The next catch comes when one needs to choose a lens to attach to the body of camera. Choice is part of life but wow, when it comes to choosing a lens, the possibilities are endless. What usually ends up happening is that one will settle for a middle of the road lens assembly and grow the arsenal from there.
Modern cameras are mostly equipped with various capturing settings of which one will be AUTO. This setting allows one to start shooting immediately - this is unlike the photographic machines of old where patience was a pre-requisite: Visualise the shot, prepare the settings, aim, shoot and hope that the settings were befitting the shot at hand; or that the roll-of-film was not defective. Then there was the developing processes to account for…
Once I settled on a camera with , the correct Mega-pixels and a lens, I needed to choose a camera case, a memory card (to extend the amount of photos I can take in one sitting,) a flash unit and a tripod; and not forgetting the blasted batteries (normal or rechargeable!?)
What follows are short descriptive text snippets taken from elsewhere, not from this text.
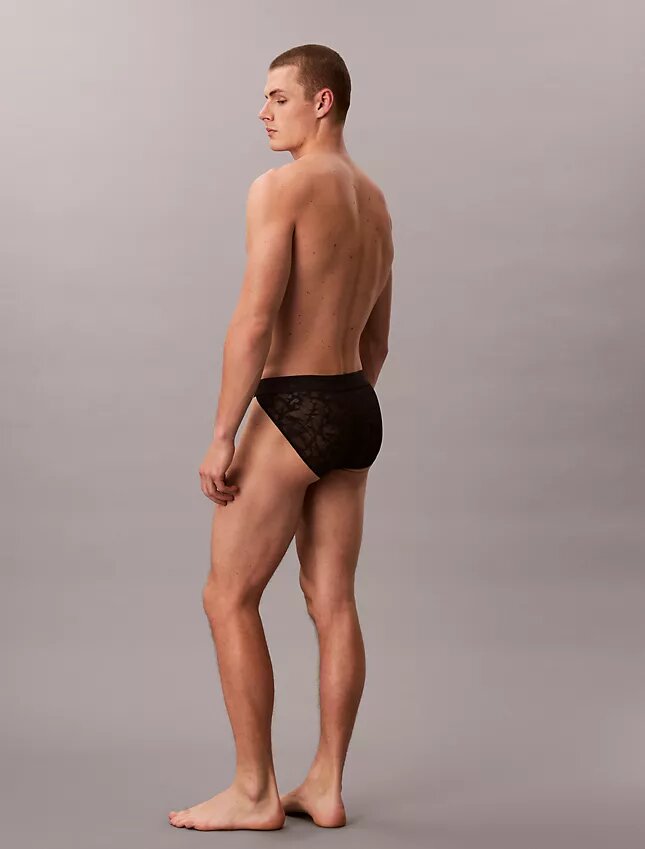 Microfiber Lace Sport Brief Microfiber Lace Sport Brief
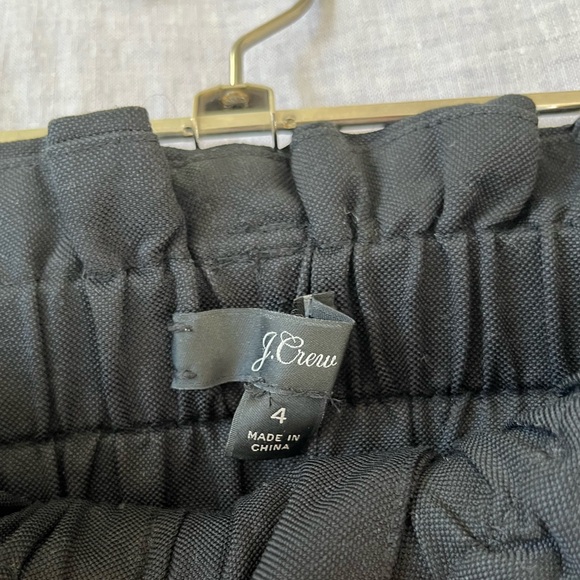 J. Crew Drapey Paper-bag Pant - Size 4 - Perfect condition - Black - Picture 7 of 7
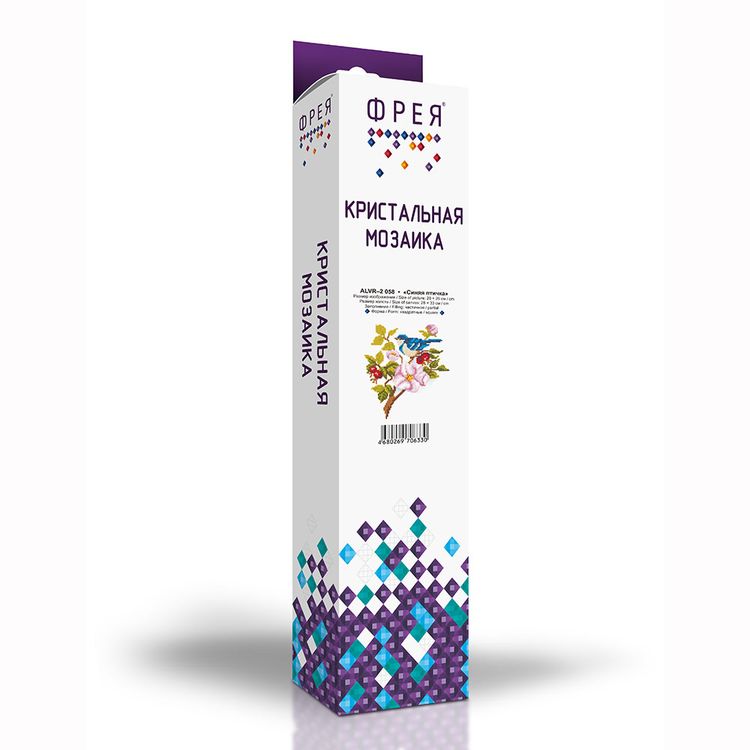 Алмазная вышивка «Синяя птичка» — картинка 2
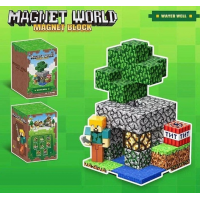 Магнитный конструктор "Magnet World" T9903, 47 деталей (в стиле Minecraft) Магнитный конструктор "Magnet World" T9903, 47 деталей (в стиле Minecraft)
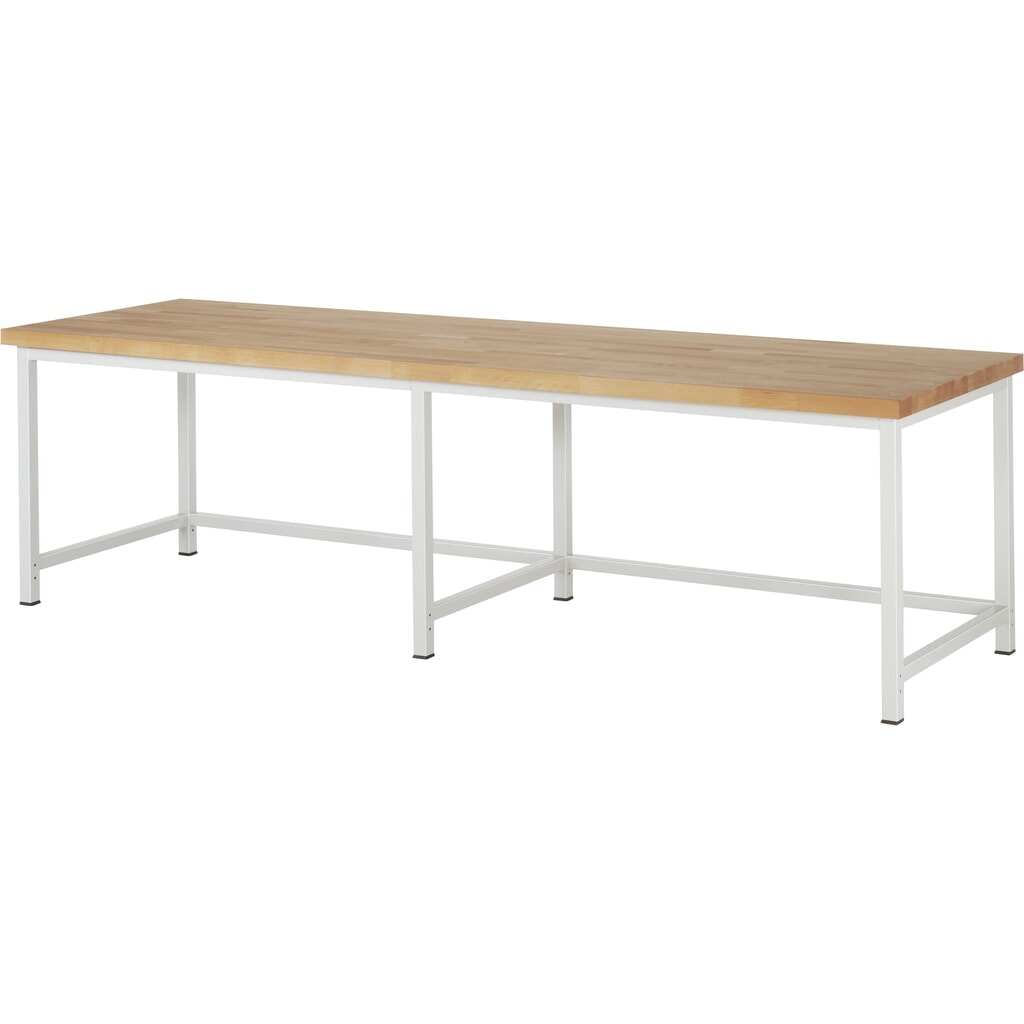 RAU werkbank serie 8000, h x b x d 840-1.040 x 3.000 x 900 mm Product afbeelding: RAU werkbank serie 8000, h x b x d 840-1.040 x 3.000 x 900 mm
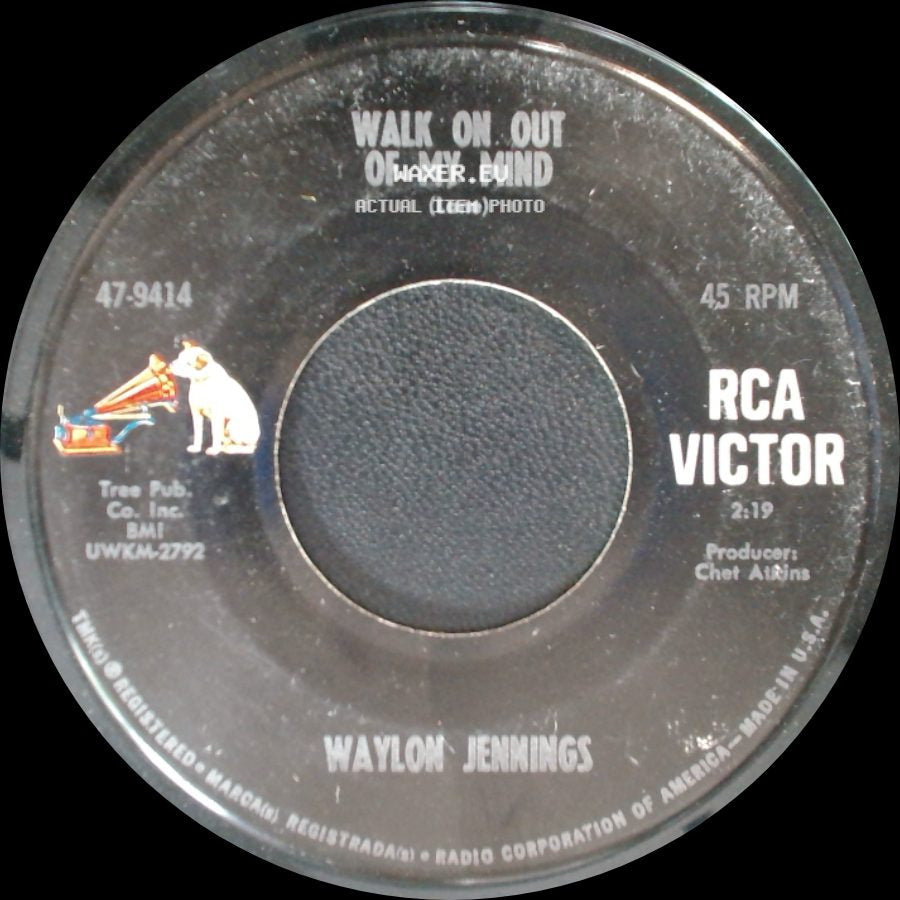 Waylon Jennings - Walk On Out Of My Mind / Julie side A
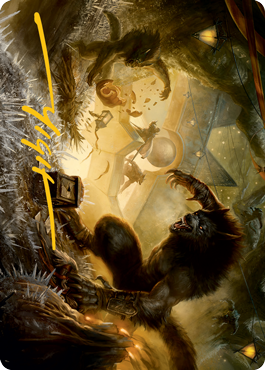Storm the Festival Art Card (Gold-Stamped Signature) [Innistrad: Midnight Hunt Art Series] | Tacoma Games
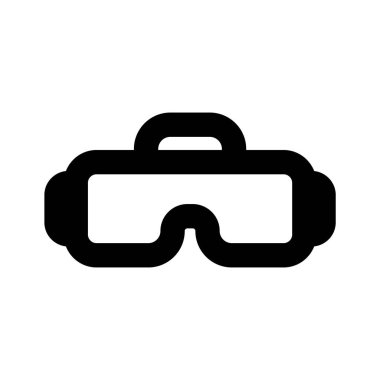 Kullanımı ve indirilmesi kolay sanal gerçeklik kulaklığının düzenlenebilir bir vektörü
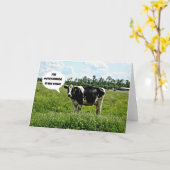Carte Humour de vache (Fleur jaune)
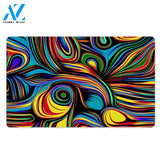 Abstract Wavy Door Mat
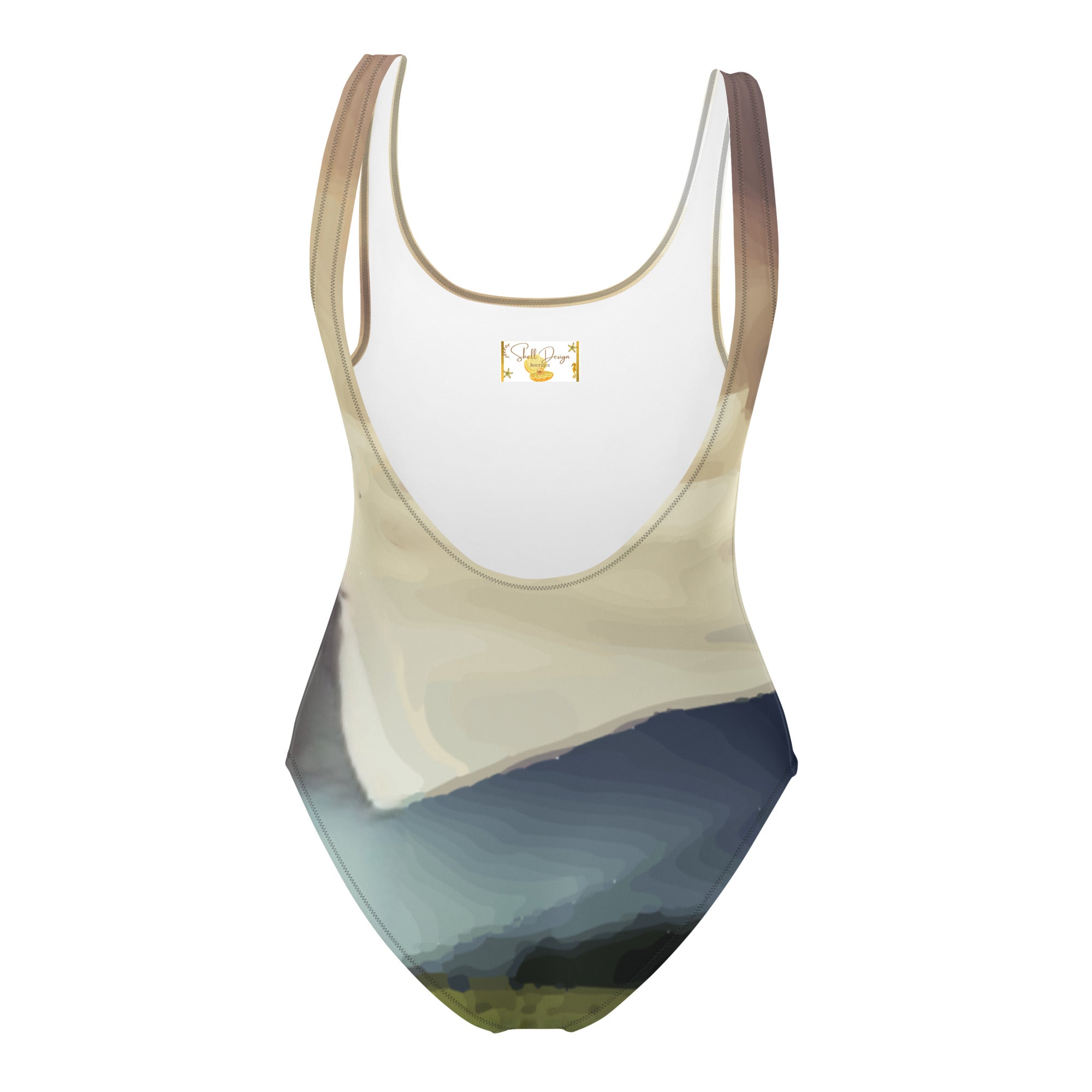 Wild Black Horse One-Piece Swimsuit
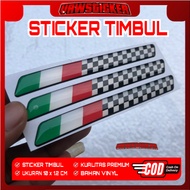 ITALY RAISED STICKER CHEAP 3D STICKER 3D RACING ITALY RACING CHEAP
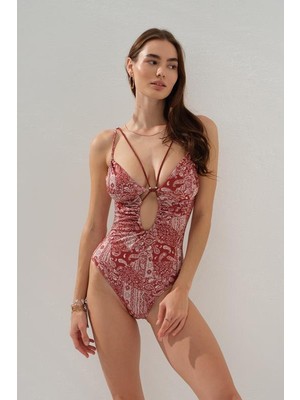 Pierre Cardin İnce Askı Dekolteli Mayo 231104-D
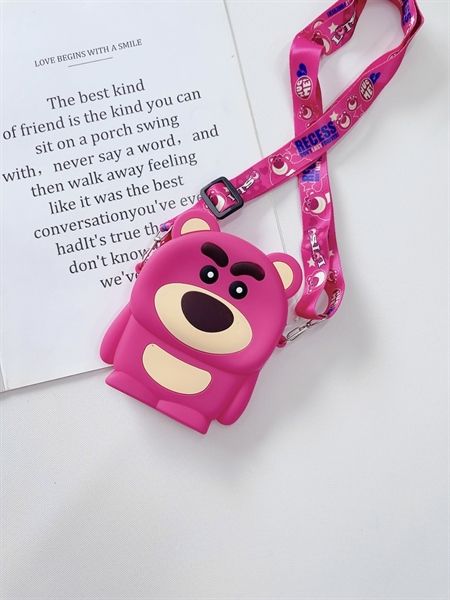  Túi gấu dâu hồng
Finally I paid and left the shop full of apprehension and trepidations all rolled into one. Where to begin? What to Shoot? Did I buy the right camera? Must get the batteries charged…endless thoughts of doubts and misgivings.
But I learnt quickly. The best way to learn is to shoot, shoot and shoot some more. Having digital technology at one’s beck-and-call means that a photograph can be viewed immediately and settings adjusted on the spot, thus alleviating the patience paradox of old.
Now what do I do with my Kodak mik-and-druk?